RECORDED DATA:
━━━

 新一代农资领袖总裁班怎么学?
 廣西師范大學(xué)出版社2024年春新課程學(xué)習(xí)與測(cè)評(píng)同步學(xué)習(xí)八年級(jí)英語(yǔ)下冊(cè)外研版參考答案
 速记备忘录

━━━

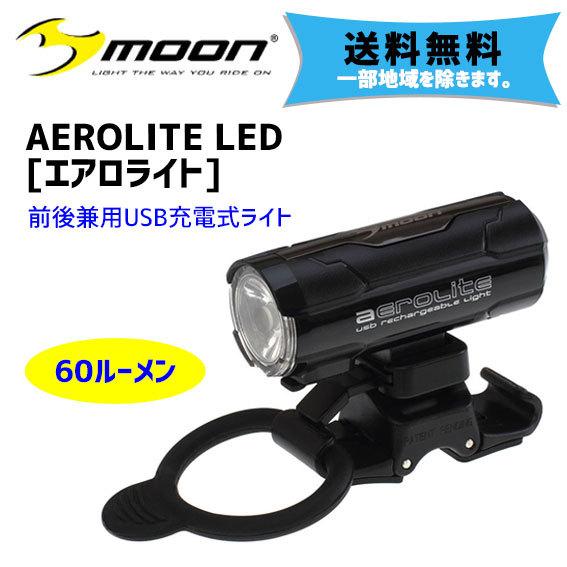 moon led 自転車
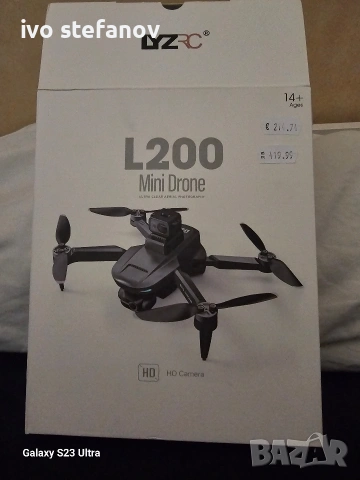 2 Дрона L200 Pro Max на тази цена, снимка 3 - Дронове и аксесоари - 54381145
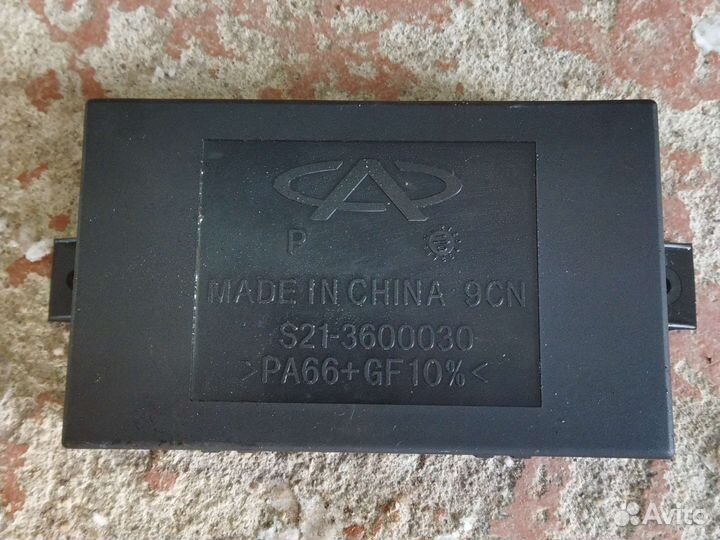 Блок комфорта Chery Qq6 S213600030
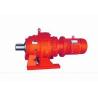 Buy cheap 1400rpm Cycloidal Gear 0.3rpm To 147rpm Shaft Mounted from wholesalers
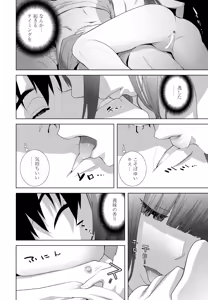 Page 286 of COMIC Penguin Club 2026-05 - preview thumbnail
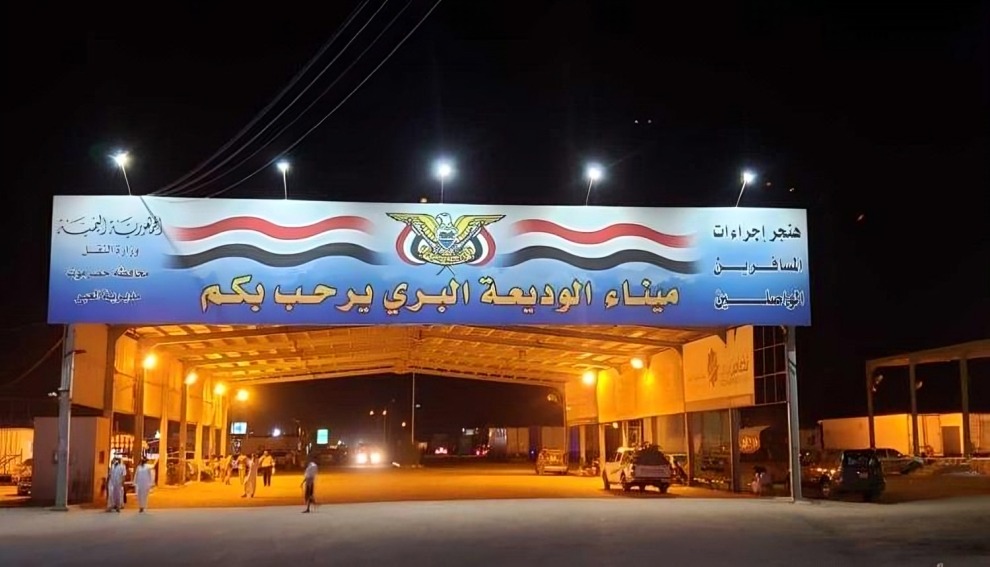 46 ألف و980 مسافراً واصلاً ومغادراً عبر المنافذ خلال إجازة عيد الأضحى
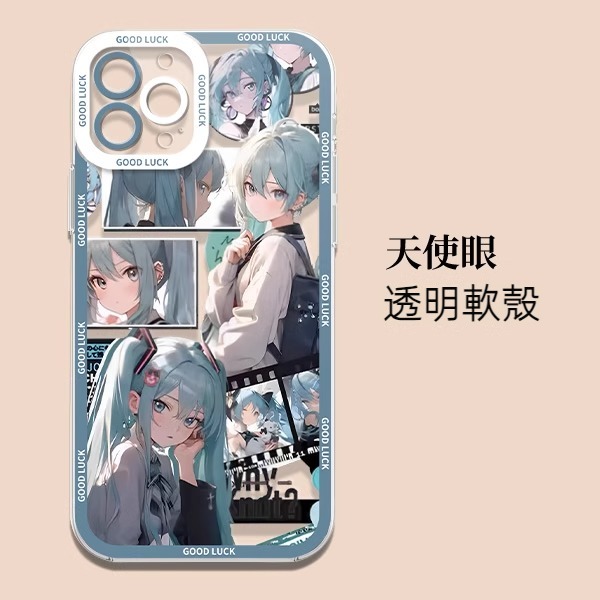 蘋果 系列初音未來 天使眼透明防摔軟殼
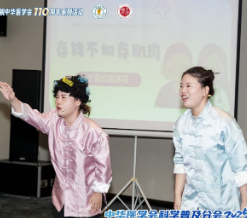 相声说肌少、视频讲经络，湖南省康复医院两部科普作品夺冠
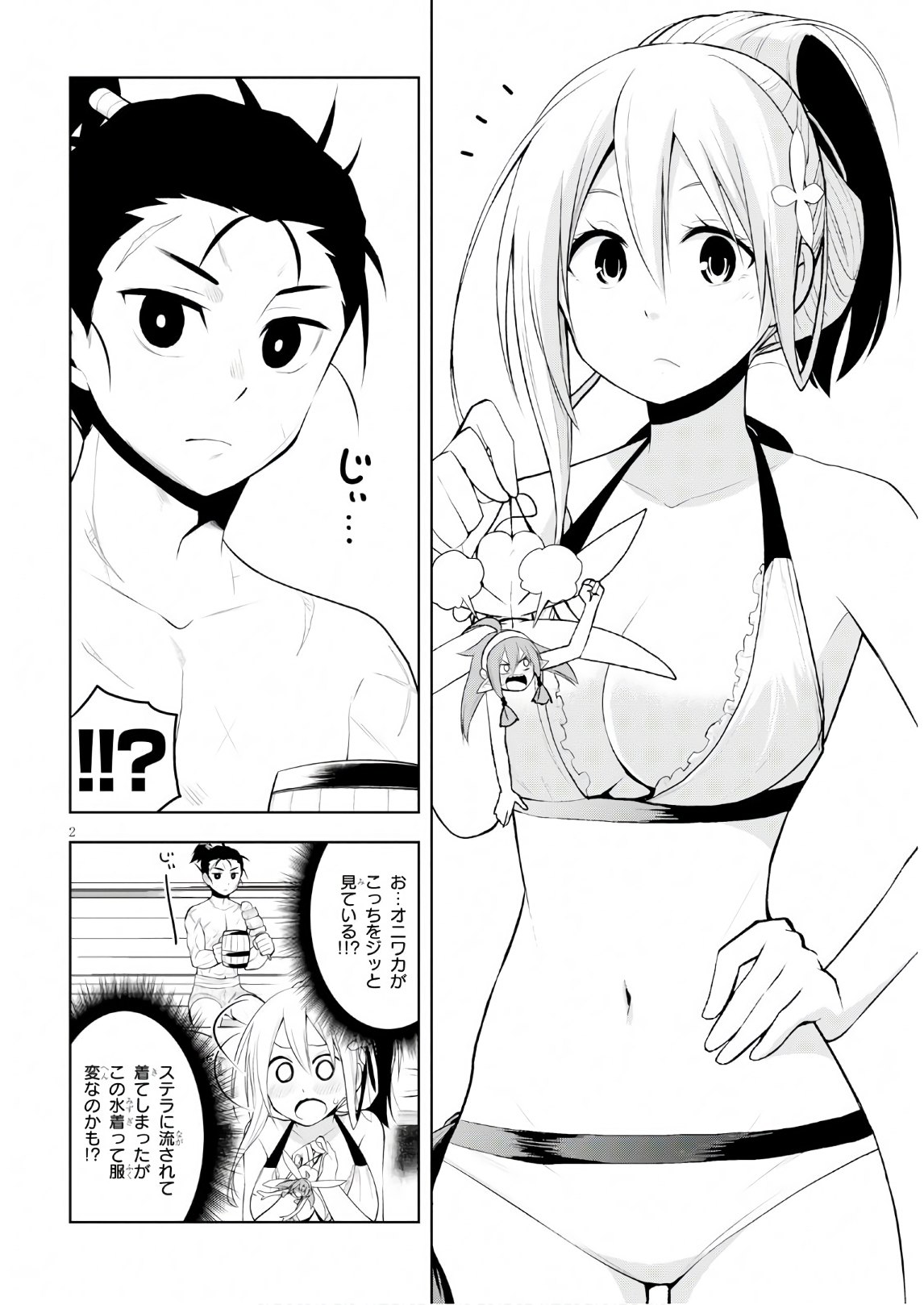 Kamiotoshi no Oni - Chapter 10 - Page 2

━━━

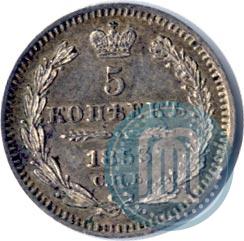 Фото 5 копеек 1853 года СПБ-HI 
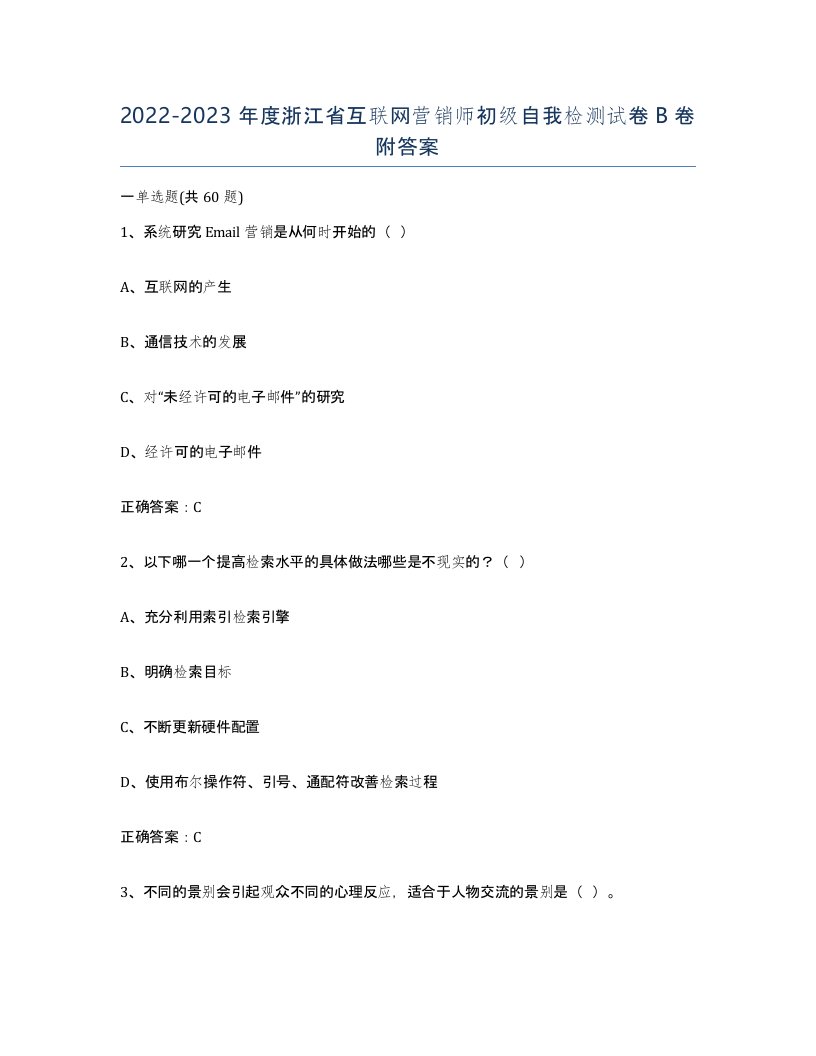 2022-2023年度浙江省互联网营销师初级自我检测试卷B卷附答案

━━━

REQUIRED WORK: From the records above, return exactly the lines running from the one that contains "2 Дрона L200" down to the one that contains "Kamiotoshi no Oni - Chapter 10 - Page 2", both included, without any pictures.

COMPLETED TASK:
 2 Дрона L200 Pro Max на тази цена, снимка 3 - Дронове и аксесоари - 54381145
 Блок комфорта Chery Qq6 S213600030
 Buy cheap 1400rpm Cycloidal Gear 0.3rpm To 147rpm Shaft Mounted from wholesalers
 Page 286 of COMIC Penguin Club 2026-05 - preview thumbnail
 46 ألف و980 مسافراً واصلاً ومغادراً عبر المنافذ خلال إجازة عيد الأضحى
 蘋果 系列初音未來 天使眼透明防摔軟殼
 相声说肌少、视频讲经络，湖南省康复医院两部科普作品夺冠
 Kamiotoshi no Oni - Chapter 10 - Page 2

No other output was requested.